# Deploying a Neural Network Based Monitoring Service

Most of the content in this notebook comes from 1-Incubator-Service, adjusted to deploy the `temperature_prediction_model.py`.

So we have fewer explanations.

We are going to deploy the NNBasedMonitoringService which uses the trained NN to give predictions, and then compares the predictions with actual temperatures, and reconfigures PTController if they diverge.

In [1]:
# Configure python path to load incubator modules
import sys
import os

# Get the current working directory.
current_dir = os.getcwd()

assert os.path.basename(current_dir) == '3-Physics-Modelling', 'Current directory is not 3-Physics-Modelling'

# Get the parent directory. Should be the root of the repository
parent_dir = os.path.dirname(current_dir)

# The root of the repo should contain the incubator_dt folder. Otherwise something went wrong in 0-Pre-requisites.
assert os.path.exists(os.path.join(parent_dir, 'incubator_dt')), 'incubator_dt folder not found in the repository root'

incubator_dt_software_dir = os.path.join(parent_dir, 'incubator_dt', 'software')

assert os.path.exists(incubator_dt_software_dir), 'incubator_dt software directory not found'

# Add the parent directory to sys.path
sys.path.append(incubator_dt_software_dir)

In [2]:
%%writefile logging.conf
[loggers]
keys=root,NNBasedMonitoringService

[handlers]
keys=consoleHandler,NNBasedMonitoringServiceFileHandler

[formatters]
keys=simpleFormatter

[logger_root]
level=DEBUG
handlers=consoleHandler

[logger_NNBasedMonitoringService]
level=DEBUG
handlers=NNBasedMonitoringServiceFileHandler
qualname=NNBasedMonitoringService
propagate=0

[handler_consoleHandler]
class=StreamHandler
formatter=simpleFormatter
args=(sys.stdout,)

[handler_NNBasedMonitoringServiceFileHandler]
class=FileHandler
formatter=simpleFormatter
args=('NNBasedMonitoringService.log', 'w')

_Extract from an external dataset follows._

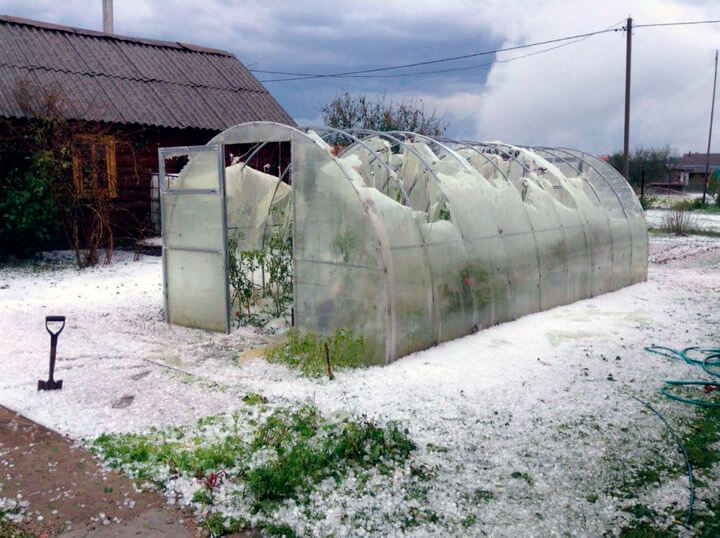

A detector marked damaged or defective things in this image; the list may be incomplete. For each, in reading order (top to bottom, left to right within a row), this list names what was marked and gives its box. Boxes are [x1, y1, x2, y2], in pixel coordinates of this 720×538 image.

damaged greenhouse roof [0, 14, 296, 129]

[formatter_simpleFormatter]
format=%(asctime)s.%(msecs)03d %(levelname)s %(name)s : %(message)s
datefmt=%Y-%m-%d %H:%M:%S

Overwriting logging.conf


In [3]:
%%writefile start_incubator.py
# Configure python path to load incubator modules
import sys
import os
from collections import deque

# Get the current working directory. Should be 3-Physics-Modelling
current_dir = os.getcwd()

assert os.path.basename(current_dir) == '3-Physics-Modelling', 'Current directory is not 3-Physics-Modelling'

# Get the parent directory. Should be the root of the repository
parent_dir = os.path.dirname(current_dir)

# The root of the repo should contain the incubator_dt folder. Otherwise something went wrong in 0-Pre-requisites.
assert os.path.exists(os.path.join(parent_dir, 'incubator_dt')), 'incubator_dt folder not found in the repository root'

incubator_dt_software_dir = os.path.join(parent_dir, 'incubator_dt', 'software')

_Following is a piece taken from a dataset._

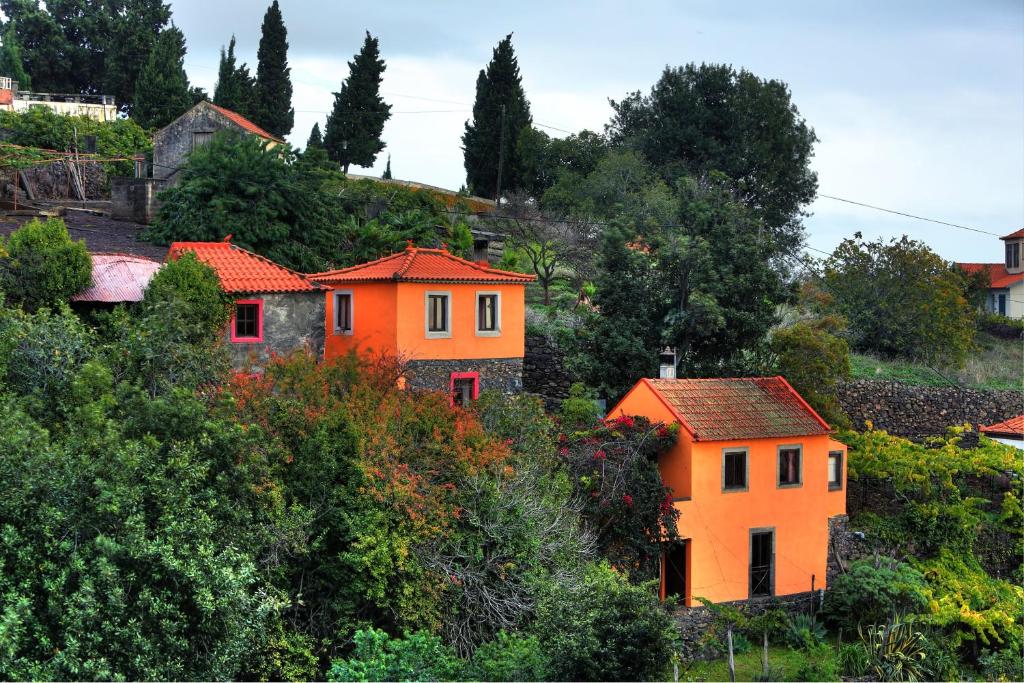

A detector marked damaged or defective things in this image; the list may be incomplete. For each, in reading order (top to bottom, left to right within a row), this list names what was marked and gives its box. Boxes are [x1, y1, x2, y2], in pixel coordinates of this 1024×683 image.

assert os.path.exists(incubator_dt_software_dir), 'incubator_dt software directory not found'

# Add the parent directory to sys.path
sys.path.append(incubator_dt_software_dir)

# Append the same path to PYTHONPATH
os.environ['PYTHONPATH'] = os.pathsep.join([os.environ.get('PYTHONPATH', ''), incubator_dt_software_dir])

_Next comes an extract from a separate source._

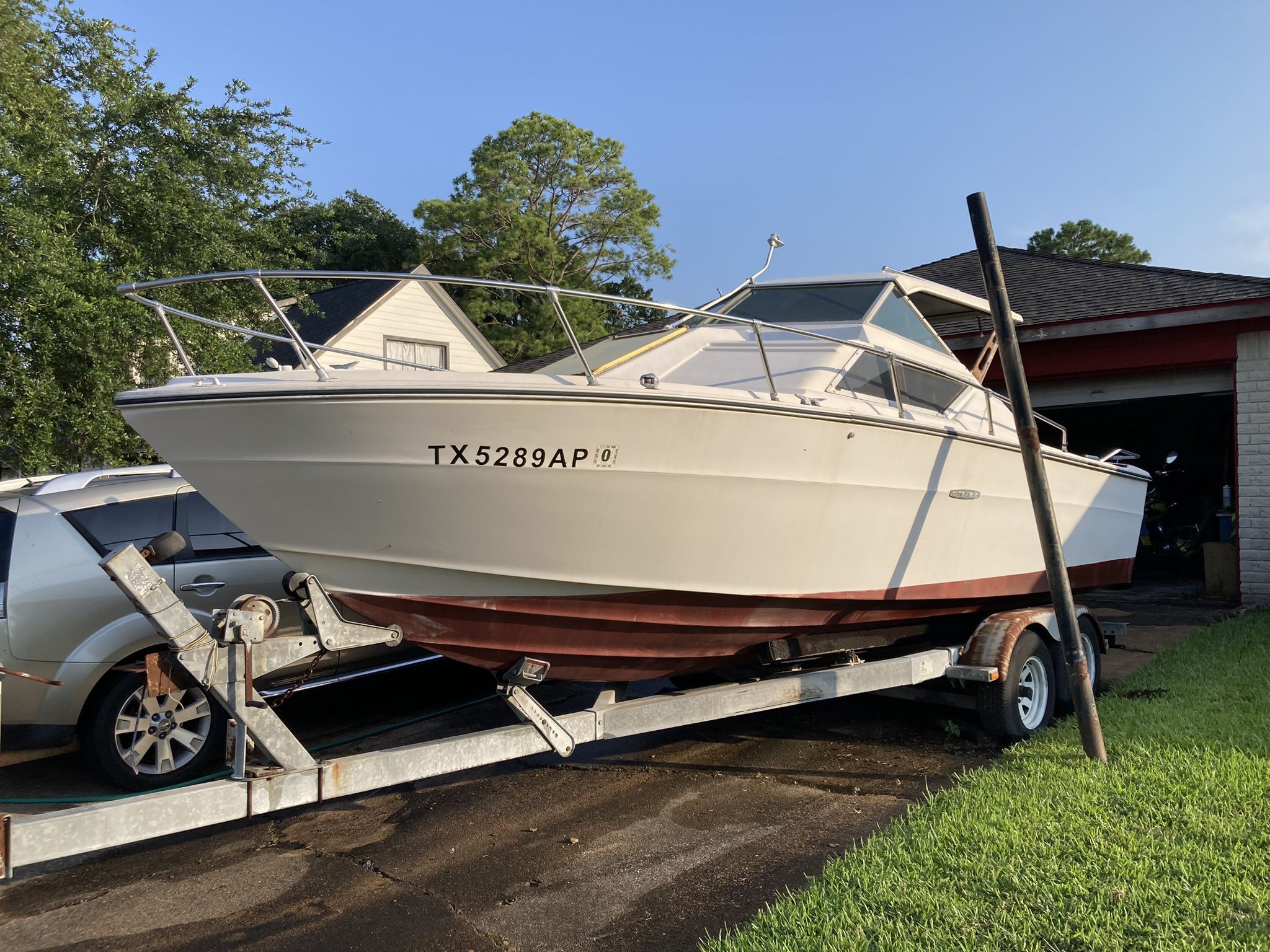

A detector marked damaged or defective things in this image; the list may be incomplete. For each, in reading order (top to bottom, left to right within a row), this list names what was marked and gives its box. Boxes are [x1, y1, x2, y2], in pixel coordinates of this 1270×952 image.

from startup.start_docker_influxdb import start_docker_influxdb
from startup.start_docker_rabbitmq import start_docker_rabbitmq
from startup.start_incubator_realtime_mockup import start_incubator_realtime_mockup
from startup.start_influx_data_recorder import start_influx_data_recorder
from startup.start_low_level_driver_mockup import start_low_level_driver_mockup
from startup.start_controller_physical import start_controller_physical
from startup.utils.start_as_daemon import start_as_daemon

if __name__ == '__main__':
    start_docker_rabbitmq()
    start_docker_influxdb()

    start_as_daemon(start_incubator_realtime_mockup)
    start_as_daemon(start_low_level_driver_mockup)
    start_as_daemon(start_influx_data_recorder)
    start_as_daemon(start_controller_physical)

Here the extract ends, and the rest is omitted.